2. Defendants Sidoryk, Gary Camp, Todd Camp and Siska, directly and indirectly, have engaged and, unless enjoined, will continue to engage in acts, practices, and courses of business which constitute and will constitute violations of Section 17(a) of the Securities Act of 1933 ("Securities Act") [15 U.S.C. §77q(a)] and Section 10(b) of the Securities Exchange Act of 1934 ("Exchange Act") and Rule 10b-5 thereunder [15 U.S.C. §78j(b) and 17 C.F.R. §240.10b-5].

3. Plaintiff Commission brings this action to enjoin such acts, practices, and courses of business, and for other equitable relief pursuant to Section 20(b) of the Securities Act [15 U.S.C. §77t(b)] and Sections 21(d), 21(e) and 21A of the Exchange Act [15 U.S.C. §§78u(d), 78u(e) and 78u-1(a)].

JURISDICTION AND VENUE

4. The Court has jurisdiction over this action pursuant to Section 22(a) of the Securities Act [15 U.S.C. §77v(a)] and Sections 21 and 27 of the Exchange Act [15 U.S.C. §§78u and 78aa].

5. Defendants Sidoryk, Gary Camp, Todd Camp and Siska will, directly and indirectly, unless enjoined, have the opportunity to engage in the acts, practices, and courses of business set forth in this Complaint and in acts, practices, and courses of business of similar purport and object.

6. The acts, practices, and courses of business constituting the violations herein have occurred within the jurisdiction of the United States District Court for the Northern District of Illinois and elsewhere.

7. Defendants Sidoryk, Gary Camp, Todd Camp and Siska, directly and indirectly, have made use of the means and instrumentalities of interstate commerce and of the mails in connection with the acts, practices, and courses of business alleged herein within the jurisdiction of the Northern District of Illinois and elsewhere.

1 THE DEFENDANTS

8. Defendant Sidoryk, age 36, lives in Elmhurst, Illinois. At all relevant times, Defendant Sidoryk was employed by Three-Five as the Director of Strategic Accounts for Motorola Worldwide. At all relevant times, Defendant Sidoryk was related by marriage to both Defendants Gary Camp and Todd Camp and was a friend of Defendant Siska.

9. Defendant Gary Camp, age 62, lives in Rock Island, Illinois and is retired. Defendant Gary Camp was a chartered financial analyst and served as an investment manager of a non-profit, fraternal benefit society for twenty-nine years. At all relevant times, Defendant Gary Camp was the father-in-law of Defendant Sidoryk. Defendant Gary Camp is Defendant Todd Camp's father.

10. Defendant Todd Camp, age 39, lives approximately five blocks from Defendant Sidoryk in Elmhurst, Illinois. Defendant Todd Camp is employed as a vice-president of a publicly-held bank and recently resigned his designation as a chartered financial analyst. At all relevant times, Defendant Todd Camp was the brother-in-law of Defendant Sidoryk. Defendant Todd Camp is Defendant Gary Camp's son.

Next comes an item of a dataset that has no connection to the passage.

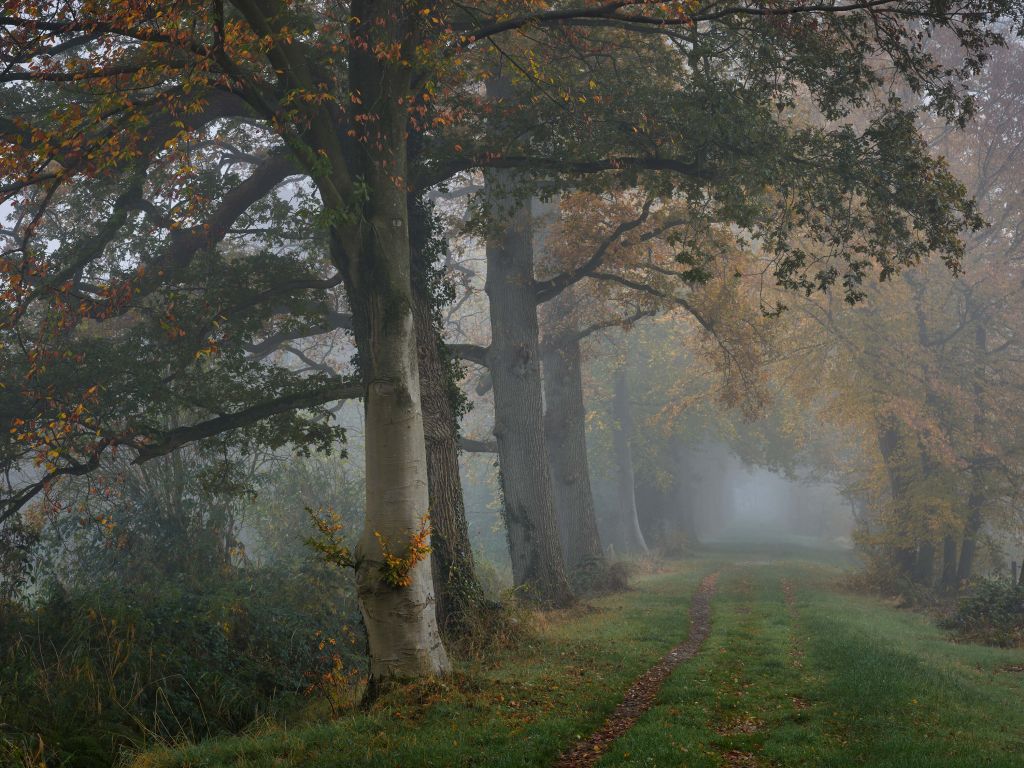 Carril con árboles en la niebla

11. Defendant Siska, age 67, lives in Norridge, Illinois and is self-employed. At all relevant times, Defendant Siska was a friend of Defendant Sidoryk.

2 ENTITIES INVOLVED

12. At all relevant times, Three-Five was a Delaware corporation with its principal offices located in Tempe, Arizona. Three-Five is a publicly-held company, whose common stock is registered pursuant to Section 12(b) of the Exchange Act [15 U.S.C. §78(b)]. Three-Five's stock is listed on the New York Stock Exchange ("NYSE"). Among other things, Three-Five specializes in the design and manufacture of liquid crystal display ("LCD") products used for operational control and display in wireless communication devices.

13. At all relevant times, Motorola was a Delaware corporation with its principal offices located in Schaumburg, Illinois and was a major customer of Three-Five. Motorola is a publicly-held company, whose common stock is registered pursuant to Section 12(b) of the Exchange Act [15 U.S.C. §78(b)]. Motorola's stock is listed on the NYSE. Among other things, Motorola designs, manufactures and sells wireless communication products.

FACTS

Defendant Sidoryk Was Aware of the Significantly Reduced Motorola Order to Three-Five for the Second-Half of 2000.

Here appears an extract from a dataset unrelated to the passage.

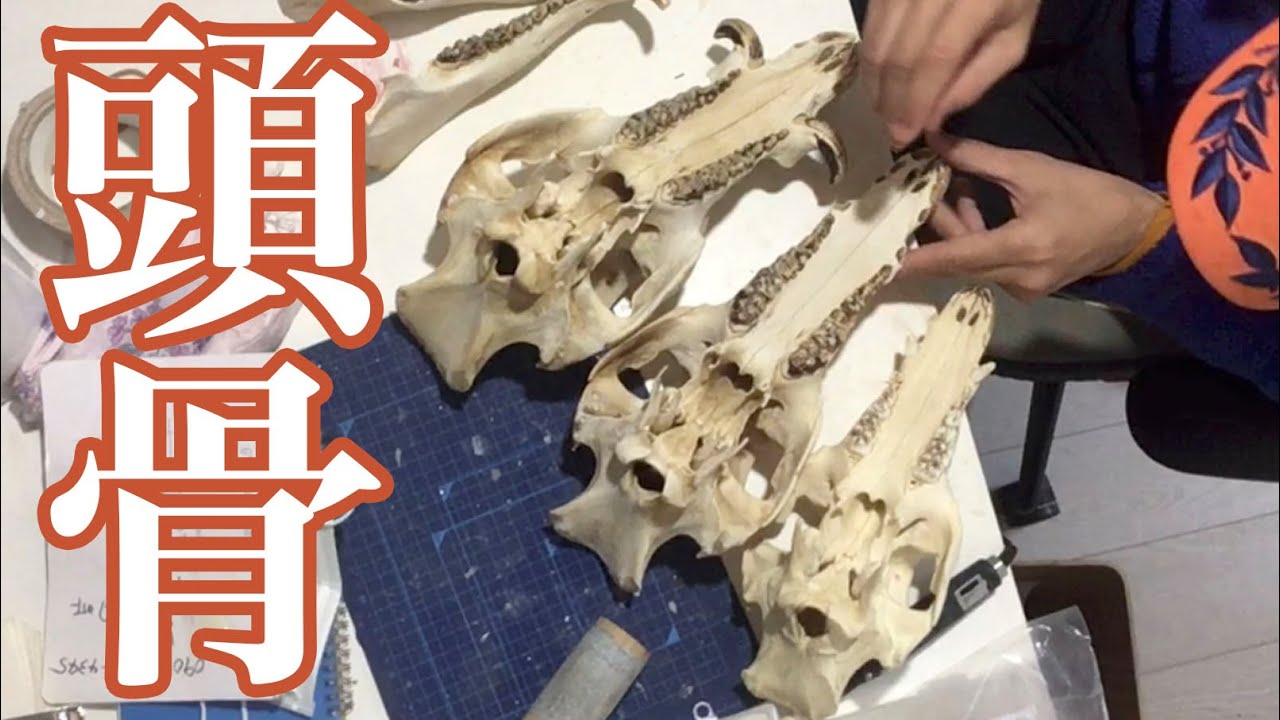 I made a wild boar skull specimen - Part 2 - YouTube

14. In or about September 1998, Defendant Sidoryk was hired as the Director of Strategic Accounts, Motorola Worldwide at Three-Five. At all relevant times, Defendant Sidoryk was Three-Five's primary sales contact with Motorola and his duties and responsibilities were exclusively devoted to securing sales to Motorola.

15. Defendant Sidoryk, in the course of his employment with Three-Five, had possession of and access to confidential information related to Three-Five sales to Motorola.

16. Defendant Sidoryk was aware that Three-Five originally anticipated that Motorola would order approximately 23 million LCD units for the year 2000.

17. In or about early 2000, Motorola initially reduced its order for the year 2000 to approximately 19 million LCD units, and later to approximately 11 million LCD units, or by approximately 52%. Motorola communicated these reductions to Three-Five, including Defendant Sidoryk, through informal, non-public discussions.

18. During the first half of 2000, Motorola made up approximately 85% to 90% of Three-Five's business.

19. On or about May 24, 2000, Defendant Sidoryk attended a business review meeting between Three-Five and Motorola. During the meeting, Motorola confirmed its prior, informal non-public discussions with Three-Five that it would be reducing its order for the year 2000 to approximately 11 million LCD units, or by approximately 52%.

20. Three-Five's Chief Financial Officer ("CFO") arranged, through Defendant Sidoryk, a meeting between senior level Motorola and Three-Five executives about Motorola's reduced order. On or about June 26, 2000, Defendant Sidoryk received confirmation that the meeting would take place on or about July 7, 2000.

21. On or about July 7, 2000, Defendant Sidoryk, Three-Five's CFO and Chief Executive Officer attended the meeting with Motorola.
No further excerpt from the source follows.